The Appeal of “DNUT”
Investors cited the ticker DNUT as “simple, memorable, and instantly memeable.” On X (formerly Twitter), prominent accounts used donut emojis alongside DNUT mentions, amplifying the buzz.
2. The Mechanics of a Short Squeeze
High Short Interest as the Catalyst
As of June 30, 24.16 million shares were sold short—roughly 28.1% of available float. Data provider Ortex estimated it at 32.2%. When retail buying ramped up, short-sellers faced mounting losses and rushed to cover, fueling a feedback loop.
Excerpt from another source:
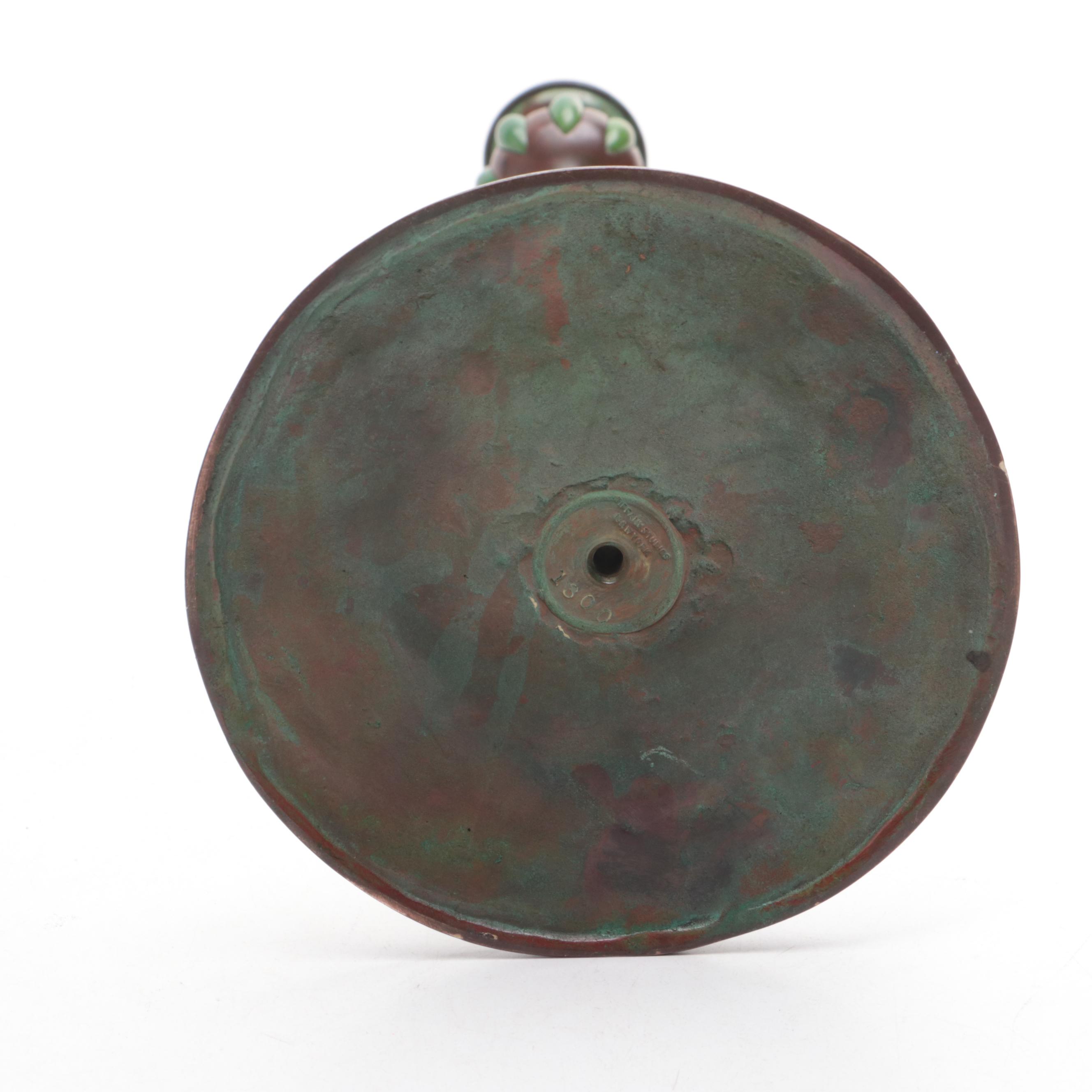 Tiffany Studios Arts & Crafts Style Bronze and Green Glass Candlestick, Antique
Covering Shorts and the Feedback Loop
The short squeeze unfolded in stages:
- Retail investors pile in
- Rising price worsens short losses
- Forced short-covering triggers buy orders
- Additional buy pressure further lifts the stock
3. Surge in Options Activity
Bloomberg reports that on July 22, DNUT call option volume topped 100,000 contracts—71 times its four-year daily average. This indicates retail traders are using leverage to chase outsized gains.
4. Krispy Kreme’s Actual Financials
Disappointing Q1 2025 Performance
| Metric | Q1 2025 | Q1 2024 | Change |
|---|---|---|---|
| Revenue | $375.2 M | $442.7 M | -15.3% |
| Organic Revenue | $374.7 M | $378.3 M | -1.0% |
| Net Loss | $33.4 M | $6.7 M | +398.5% |
| Adj. EPS | -$0.05 | $0.07 | Profit→Loss |
| Adj. EBITDA | $24.0 M | $58.2 M | -58.8% |
Heavy Debt Load
| Debt Item | Q1 2025 (as of Mar 30) |
|---|---|
| Short-Term Debt | $105.5 M |
| Long-Term Debt | $1,345.2 M |
| Total Debt | $1,450.7 M |
| Total Equity | $1,131.4 M |
| Cash on Hand | $18.7 M |
Dividend Halt & Guidance Withdrawal
On May 8, Krispy Kreme announced it would suspend its quarterly dividend (previously $0.035 per share) to preserve cash, and withdrew full-year guidance due to uncertainty.
5. Impact of McDonald’s Partnership Exit
On June 24, the company and McDonald’s confirmed the partnership would end July 2. This collaboration, in 2,400 McDonald’s outlets, was halted due to weak consumer demand and high costs.
“Ultimately, efforts to align unit-level economics failed, making continuation unsustainable.”
— Josh Charlesworth, CEO
6. Risks of Meme-Stock Trading
DNUT’s rally is unrelated to fundamentals and carries high volatility. Past meme stocks like GameStop and AMC saw rapid reversals once short-covering subsided.
7. Investor Takeaways & Outlook
Potential Upsides
- 17,982 points of access globally (+21.4%)
- Strong brand recognition and loyalty
- Expansion opportunities via international franchises
Key Risks
- High leverage and strained cash flow
- Loss of key McDonald’s partnership
- Ongoing net losses and dividend suspension
- Macroeconomic headwinds dampening consumption
Risk management is crucial. Limit position sizing, consider extreme volatility and liquidity risks, and wait for clearer signs of fundamental improvement before committing long-term capital.
8. Conclusion: Bitter Aftertaste Behind a Sweet Rally
Krispy Kreme’s recent surge exemplifies a meme-stock frenzy propelled by retail buying and short-covering, not corporate strength. Despite nearly 60% gains in two days, the company still faces declining revenue, widening losses, heavy debt, and ended partnerships. Investors should look beyond the hype, rigorously assess financial health, and approach DNUT with disciplined risk controls.